So, if I haven't already told you, I loved BYU-I education week. I went to so many great classes that I really love and learned so much from. One class that I was really looking forward to was "The Husband Whisperer." I loved the name, and thought I can always use tips on how to get my husband to do what I want him to do. :) Kevin Hinckley was the instructor, this is his website.
To begin with he taught us, that we, as the Husband Whisperers, need to be gentler and softer, have more emphasis on the relationship, and have longer ropes (just imagine a horse with a metal bit in their mouth and a short rope compared to a long rope, which do they respond better too.)
He shared a scripture in 3 Nephi 11:3-6 in the Book Of Mormon, and I had to laugh! It reads:
"And it came to pass that while they were conversing one with another, they heard a voice as if it came out of heaven, and they cast their eyes round about, for they understood not the voice which they heard; and it was not a harsh voice, neither was it a loud voice which they heard; ... And it came to pass that again they heard the voice, and they understood it not...And again the third time they did hear the voice, and did open their ears to hear it."
Ha!

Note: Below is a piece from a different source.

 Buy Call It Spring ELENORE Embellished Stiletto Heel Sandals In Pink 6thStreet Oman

That could either be your husband or your children. :) Back to to class....
Kevin taught us that we need to talk to our husbands with gentle tenderness and strength. This means not being wimpy, weak, naggy, or whiny. Tough, I know.
He had four steps to talking to our husbands so that they will hear us,
Own personal conduct.
Where do I need to improve. There are two of us in this relationship, and although sometimes we think it is all the other persons fault, we are both contributing and can both improve.
Spirit to Spirit
1. Use a still small voice.
2. Use physical contact.
3. Use eye contact.
At this point in time he went up to one of the class members, got down on his knee, took her hand and in looked into her eyes. In a quite voice he said, "Honey, I am really worried about you. I noticed... I am just wondering what I can do to help you." He told us you don't have to get down on your knee or take their hand, but talking in a quite, non-nagging voice, touching them (on the shoulder or arm or holding hands, something like that) and looking in their eyes, that is what it takes to get their attention and let them know this is important and I really care.
How are you feeling?
How does this effect you?
What are your concerns?
Then really listen to them. Don't just ask them and then start planning what you, as Super Woman, can do to fix it.

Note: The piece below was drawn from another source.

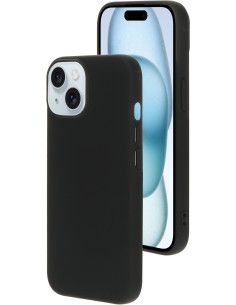 Mobiparts Silicone Cover Apple iPhone 15 Black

What would you like to do?
What would you like me to do?
And KEEP IT SHORT!!
He said that we need to keep these kinds of conversations around 30 -60 seconds. Our husbands will start out listening to us (especially if we use step 2) but after about 30 seconds they start to tune us out because they think that we are going to go on and on and start nagging. But if we keep it short they will listen.
Now after this planning he said, what do you envision? He instructed us to be careful when we are trying to assist our husbands to do things. We cannot expect him to do it the same way you would expect from yourself.
This was a great class. I wish that it would have been an hour longer, I am sure that I would have learned so much more from him.
FYI.. Kevin Hinckley is a a marriage counselor in Dallas, TX. He has been doing this for many years, and I think he would be a great counselor.
I wish you luck as you "Whisper" to your husbands.